[[ Records for this exercise open ]]

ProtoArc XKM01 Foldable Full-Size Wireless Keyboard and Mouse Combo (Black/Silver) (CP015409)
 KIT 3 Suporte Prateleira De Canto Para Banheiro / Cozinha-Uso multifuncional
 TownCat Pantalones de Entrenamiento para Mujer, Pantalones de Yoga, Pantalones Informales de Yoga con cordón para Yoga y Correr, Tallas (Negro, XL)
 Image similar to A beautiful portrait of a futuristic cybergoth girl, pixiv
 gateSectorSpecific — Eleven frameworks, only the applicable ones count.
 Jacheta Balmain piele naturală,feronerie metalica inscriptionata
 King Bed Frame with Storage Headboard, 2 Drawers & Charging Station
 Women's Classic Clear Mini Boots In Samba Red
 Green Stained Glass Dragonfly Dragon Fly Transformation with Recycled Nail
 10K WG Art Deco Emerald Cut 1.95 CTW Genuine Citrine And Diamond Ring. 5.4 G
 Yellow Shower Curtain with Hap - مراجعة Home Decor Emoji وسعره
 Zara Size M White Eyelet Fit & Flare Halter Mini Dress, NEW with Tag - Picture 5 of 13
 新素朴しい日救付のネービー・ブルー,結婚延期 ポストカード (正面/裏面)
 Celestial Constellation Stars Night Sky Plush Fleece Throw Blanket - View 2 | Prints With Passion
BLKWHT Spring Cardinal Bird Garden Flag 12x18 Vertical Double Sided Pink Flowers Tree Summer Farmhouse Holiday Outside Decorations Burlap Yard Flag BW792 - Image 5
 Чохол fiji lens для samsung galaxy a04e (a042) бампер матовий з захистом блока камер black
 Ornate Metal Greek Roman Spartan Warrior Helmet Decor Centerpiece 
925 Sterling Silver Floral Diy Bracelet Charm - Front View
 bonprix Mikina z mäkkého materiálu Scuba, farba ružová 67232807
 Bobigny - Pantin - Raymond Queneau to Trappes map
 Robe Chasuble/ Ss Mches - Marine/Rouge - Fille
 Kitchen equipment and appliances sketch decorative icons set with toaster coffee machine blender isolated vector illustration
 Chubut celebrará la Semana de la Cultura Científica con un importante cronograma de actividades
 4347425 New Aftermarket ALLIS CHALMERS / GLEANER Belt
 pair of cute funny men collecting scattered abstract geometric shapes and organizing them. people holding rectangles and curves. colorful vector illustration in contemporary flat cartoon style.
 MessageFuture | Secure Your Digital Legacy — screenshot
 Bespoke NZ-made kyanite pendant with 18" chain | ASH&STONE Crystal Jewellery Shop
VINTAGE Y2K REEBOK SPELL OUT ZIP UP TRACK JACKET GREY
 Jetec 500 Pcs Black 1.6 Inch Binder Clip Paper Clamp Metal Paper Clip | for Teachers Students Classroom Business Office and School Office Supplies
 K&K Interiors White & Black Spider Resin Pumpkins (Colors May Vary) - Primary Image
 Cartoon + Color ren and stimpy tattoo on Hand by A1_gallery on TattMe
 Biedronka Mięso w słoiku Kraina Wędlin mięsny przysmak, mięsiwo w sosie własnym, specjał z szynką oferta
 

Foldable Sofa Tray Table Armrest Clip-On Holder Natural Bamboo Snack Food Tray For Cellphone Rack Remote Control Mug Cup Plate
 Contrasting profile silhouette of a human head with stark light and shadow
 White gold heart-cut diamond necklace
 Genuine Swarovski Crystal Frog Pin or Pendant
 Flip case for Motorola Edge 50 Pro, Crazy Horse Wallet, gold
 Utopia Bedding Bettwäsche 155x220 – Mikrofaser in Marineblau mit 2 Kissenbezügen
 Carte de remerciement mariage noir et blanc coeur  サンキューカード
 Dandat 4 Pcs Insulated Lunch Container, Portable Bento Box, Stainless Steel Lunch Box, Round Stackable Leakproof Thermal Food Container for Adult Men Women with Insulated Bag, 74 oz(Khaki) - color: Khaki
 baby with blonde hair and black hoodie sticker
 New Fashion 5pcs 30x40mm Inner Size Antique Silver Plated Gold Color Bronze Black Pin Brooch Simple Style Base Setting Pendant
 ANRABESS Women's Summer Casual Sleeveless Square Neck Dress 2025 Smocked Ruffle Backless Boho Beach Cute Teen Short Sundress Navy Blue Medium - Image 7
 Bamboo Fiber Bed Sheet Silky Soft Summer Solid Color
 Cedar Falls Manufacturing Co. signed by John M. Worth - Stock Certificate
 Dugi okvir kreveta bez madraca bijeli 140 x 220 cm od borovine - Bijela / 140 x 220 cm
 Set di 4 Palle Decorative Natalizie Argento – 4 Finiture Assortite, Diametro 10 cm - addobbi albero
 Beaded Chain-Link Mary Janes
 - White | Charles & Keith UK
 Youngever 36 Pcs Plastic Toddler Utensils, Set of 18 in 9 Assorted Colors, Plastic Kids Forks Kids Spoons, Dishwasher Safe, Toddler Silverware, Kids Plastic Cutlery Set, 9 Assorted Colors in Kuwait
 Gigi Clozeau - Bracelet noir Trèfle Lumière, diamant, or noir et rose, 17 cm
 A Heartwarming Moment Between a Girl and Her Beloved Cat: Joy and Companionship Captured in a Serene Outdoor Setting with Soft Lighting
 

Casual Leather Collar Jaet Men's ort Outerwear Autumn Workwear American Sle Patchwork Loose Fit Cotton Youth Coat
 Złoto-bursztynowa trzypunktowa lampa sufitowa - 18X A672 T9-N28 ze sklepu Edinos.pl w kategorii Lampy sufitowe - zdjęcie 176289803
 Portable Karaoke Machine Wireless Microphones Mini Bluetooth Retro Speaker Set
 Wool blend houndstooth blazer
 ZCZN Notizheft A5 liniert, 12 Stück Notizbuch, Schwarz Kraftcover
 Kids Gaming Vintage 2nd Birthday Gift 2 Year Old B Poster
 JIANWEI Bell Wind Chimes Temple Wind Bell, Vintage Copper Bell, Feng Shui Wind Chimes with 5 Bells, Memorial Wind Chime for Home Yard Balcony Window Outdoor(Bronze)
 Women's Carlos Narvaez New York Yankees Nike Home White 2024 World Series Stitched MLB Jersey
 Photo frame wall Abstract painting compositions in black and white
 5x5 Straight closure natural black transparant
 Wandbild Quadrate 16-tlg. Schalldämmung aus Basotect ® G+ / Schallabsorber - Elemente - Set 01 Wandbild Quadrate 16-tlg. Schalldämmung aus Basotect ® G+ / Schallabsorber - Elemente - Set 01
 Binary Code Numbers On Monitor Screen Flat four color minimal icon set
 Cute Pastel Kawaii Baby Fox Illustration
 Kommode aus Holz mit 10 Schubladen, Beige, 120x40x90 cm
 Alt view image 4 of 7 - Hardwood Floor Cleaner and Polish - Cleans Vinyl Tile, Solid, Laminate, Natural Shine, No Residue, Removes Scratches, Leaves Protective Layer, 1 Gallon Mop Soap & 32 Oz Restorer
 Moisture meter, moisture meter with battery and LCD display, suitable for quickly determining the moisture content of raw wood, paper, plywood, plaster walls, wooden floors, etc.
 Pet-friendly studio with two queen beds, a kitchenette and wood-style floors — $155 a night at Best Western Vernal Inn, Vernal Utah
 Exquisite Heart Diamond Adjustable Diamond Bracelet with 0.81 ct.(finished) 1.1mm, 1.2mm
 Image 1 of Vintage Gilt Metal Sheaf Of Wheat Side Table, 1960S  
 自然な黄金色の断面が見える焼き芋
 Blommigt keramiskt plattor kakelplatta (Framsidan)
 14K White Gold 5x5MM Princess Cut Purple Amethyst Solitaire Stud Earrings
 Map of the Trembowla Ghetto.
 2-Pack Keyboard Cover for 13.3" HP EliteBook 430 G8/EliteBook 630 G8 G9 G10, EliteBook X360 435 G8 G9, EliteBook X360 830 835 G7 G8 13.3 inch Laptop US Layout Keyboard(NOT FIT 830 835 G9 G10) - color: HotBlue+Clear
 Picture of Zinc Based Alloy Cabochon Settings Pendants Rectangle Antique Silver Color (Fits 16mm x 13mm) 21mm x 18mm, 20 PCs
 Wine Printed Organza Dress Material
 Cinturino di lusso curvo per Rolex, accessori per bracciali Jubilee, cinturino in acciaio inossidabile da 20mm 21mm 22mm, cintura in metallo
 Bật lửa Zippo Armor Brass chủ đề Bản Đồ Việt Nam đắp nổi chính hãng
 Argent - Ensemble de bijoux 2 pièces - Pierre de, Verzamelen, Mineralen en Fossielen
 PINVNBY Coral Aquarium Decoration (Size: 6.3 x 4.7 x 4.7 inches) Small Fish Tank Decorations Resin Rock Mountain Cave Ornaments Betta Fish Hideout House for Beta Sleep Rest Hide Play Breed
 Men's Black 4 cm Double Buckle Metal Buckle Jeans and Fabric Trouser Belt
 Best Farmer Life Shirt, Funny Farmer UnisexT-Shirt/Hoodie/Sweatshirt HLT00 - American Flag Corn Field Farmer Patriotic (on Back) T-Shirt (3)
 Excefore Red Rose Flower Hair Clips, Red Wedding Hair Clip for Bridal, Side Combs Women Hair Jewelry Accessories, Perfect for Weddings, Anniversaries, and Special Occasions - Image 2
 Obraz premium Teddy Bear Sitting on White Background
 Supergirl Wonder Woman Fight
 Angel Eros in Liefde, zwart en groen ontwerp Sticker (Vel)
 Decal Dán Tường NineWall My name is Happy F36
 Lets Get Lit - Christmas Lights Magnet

[[ Records for this exercise closed ]]

#### Task goal
Return exactly the lines above from the line that has "Ornate Metal Greek" through the line that has "Genuine Swarovski Crystal", inclusive, and nothing else.

#### Task answer
 Ornate Metal Greek Roman Spartan Warrior Helmet Decor Centerpiece 
925 Sterling Silver Floral Diy Bracelet Charm - Front View
 bonprix Mikina z mäkkého materiálu Scuba, farba ružová 67232807
 Bobigny - Pantin - Raymond Queneau to Trappes map
 Robe Chasuble/ Ss Mches - Marine/Rouge - Fille
 Kitchen equipment and appliances sketch decorative icons set with toaster coffee machine blender isolated vector illustration
 Chubut celebrará la Semana de la Cultura Científica con un importante cronograma de actividades
 4347425 New Aftermarket ALLIS CHALMERS / GLEANER Belt
 pair of cute funny men collecting scattered abstract geometric shapes and organizing them. people holding rectangles and curves. colorful vector illustration in contemporary flat cartoon style.
 MessageFuture | Secure Your Digital Legacy — screenshot
 Bespoke NZ-made kyanite pendant with 18" chain | ASH&STONE Crystal Jewellery Shop
VINTAGE Y2K REEBOK SPELL OUT ZIP UP TRACK JACKET GREY
 Jetec 500 Pcs Black 1.6 Inch Binder Clip Paper Clamp Metal Paper Clip | for Teachers Students Classroom Business Office and School Office Supplies
 K&K Interiors White & Black Spider Resin Pumpkins (Colors May Vary) - Primary Image
 Cartoon + Color ren and stimpy tattoo on Hand by A1_gallery on TattMe
 Biedronka Mięso w słoiku Kraina Wędlin mięsny przysmak, mięsiwo w sosie własnym, specjał z szynką oferta
 

Foldable Sofa Tray Table Armrest Clip-On Holder Natural Bamboo Snack Food Tray For Cellphone Rack Remote Control Mug Cup Plate
 Contrasting profile silhouette of a human head with stark light and shadow
 White gold heart-cut diamond necklace
 Genuine Swarovski Crystal Frog Pin or Pendant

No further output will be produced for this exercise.